Work order
In the copy, keep every word of the data below and none of its pictures.

Recorded information
* * *

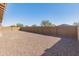 Large backyard with gravel landscaping and block wall at 24741 N 175Th Dr, Surprise, AZ 85387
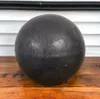 A dark, spherical object sits on a wooden surface in front of a slatted background. Produktbild-Vorschau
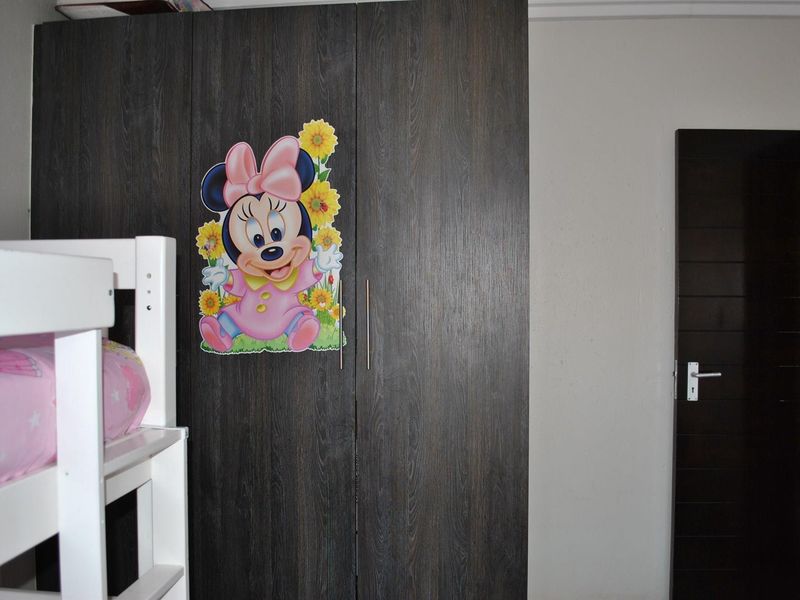 A bedroom featuring a dark wood-finish built-in wardrobe and a matching internal door.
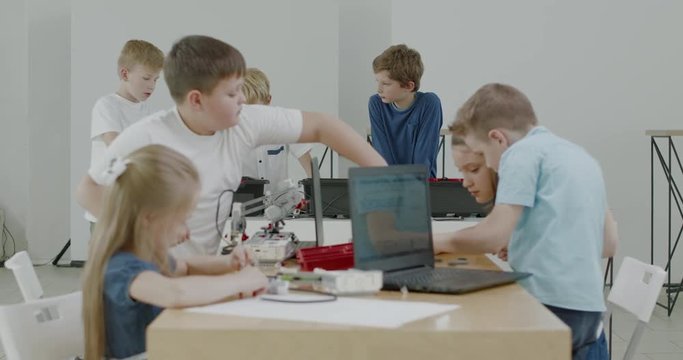 Curious kids working on a functional programable robot during robotics class at school. 4K UHD 60 FPS SLOW MOTION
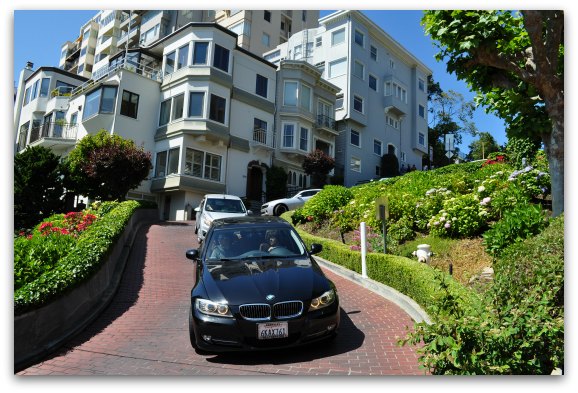 Cars coming down the steep Lombard Street hill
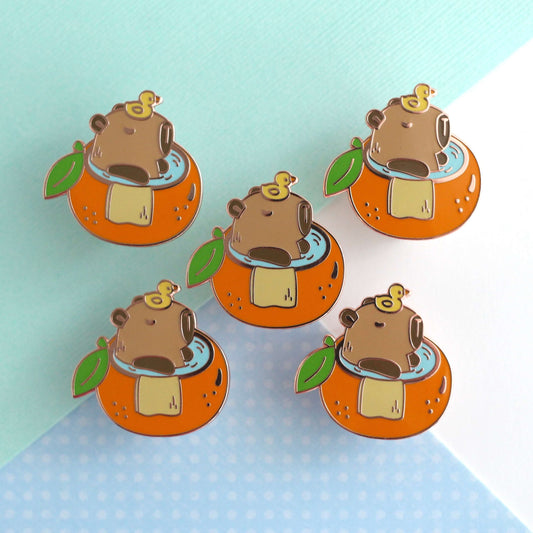 Capybara in Orange Bathtub Enamel Pin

* * *

Output of the task
 Large backyard with gravel landscaping and block wall at 24741 N 175Th Dr, Surprise, AZ 85387
 A dark, spherical object sits on a wooden surface in front of a slatted background. Produktbild-Vorschau
 A bedroom featuring a dark wood-finish built-in wardrobe and a matching internal door.
 Curious kids working on a functional programable robot during robotics class at school. 4K UHD 60 FPS SLOW MOTION
 Cars coming down the steep Lombard Street hill
 Capybara in Orange Bathtub Enamel Pin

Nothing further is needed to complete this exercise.